Devised by: Katrina Hendrey (adapted by Julian Machin)
Director: Denise Silvey
Dedicated to the memory of Timothy West, who died a year ago and was instrumental in supporting the development of this production, Katrina Hendrey’s Queen, based on the journal, letters and public writings of Queen Victoria and placed to musical accompaniment, was performed for 28 years by West’s wife, Prunella Scales. In a new version at King’s Place with Deborah Findlay playing the long-reigning monarch from teenage girl to international empress, Scales is the voice of Victoria’s final months at Osborne House which West helped to record two years ago, marking a significant continuation of a play that hands the baton to a new actor.
Framed by her reflective writing in 1901 as Victoria looks back at her life, the audience is taken through time to the 1830s when the then Princess Victoria is frustrated by her boring lessons and would much rather dress up her dog. As the play jumps through the years, she gains a kingdom, a husband and a lot of children – about whom she has strong opinions – while losing a great deal along the way. Hendrey’s approach, newly adapted by Julian Machin running at an unbroken 80 minutes, showcases the emotional journey of the most significant woman of her age.
The key characteristic of Queen is the music setting, which takes works by well-known composers, including Beethoven, Bach and Mendelssohn and mixes them with original songs by Prince Albert and Louis Antoine Jullien, who created a piece marking Victoria’s visit to Scotland in 1842. And the creative team place these pieces at significant moments that accompany her coronation or control of India, with more personal recollections recorded in her journal, such as hopefully dancing with the man she would eventually marry (Quadrilles by L. Dufrene) or listening to her husband play the piano before dinner (Schmerz der Liebe by Prince Albert).
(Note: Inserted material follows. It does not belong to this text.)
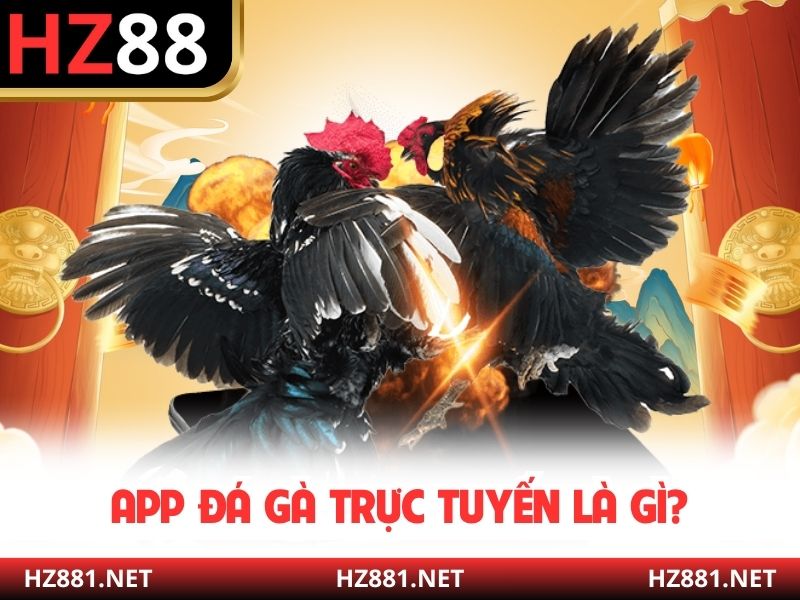 App đá gà trực tuyến là gì?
Played by pianist Michael Dussak, the intersection of words, music, and biography brings the piece to life in an inventive way.
Findlay too charmingly captures the different stages of Victoria’s life, the girlish tone of the young wife in love, the matronly frustration of having so many children and the imperious older monarch revelling in the servitude of others. Along the way, as the Queen quotes often from those around her, Findlay impersonates the grandeur of Lord Melbourne, the floral subservience of Disraeli, as well as the Scottish inflexion of John Browne.
But Victoria lived a very long time, and with so much ground to cover, the stationary approach to this piece, which is read from a script, also feels protracted. Director Denise Silvey occasionally has the performer stand in moments of high drama – much like a Westlife key change – but the overall effect is too samey. Queen, first written in the late 1970s, is also showing its age.
It is a beautiful story of a woman in love, determining “If I must live on…” yet the key political players who weave in and out reveal very little about the changing nature of government and social conditions across the reign, nor is there an opportunity to reflect more roundly on the darker impact of Empire on those who were subjected. While Victoria herself believed in its purpose, the team could think harder about ways to place her words in a new context with different vocal inflexions or projections that challenge her point of view.
Her voice is compelling and very human, but what does it mean to hear her words today?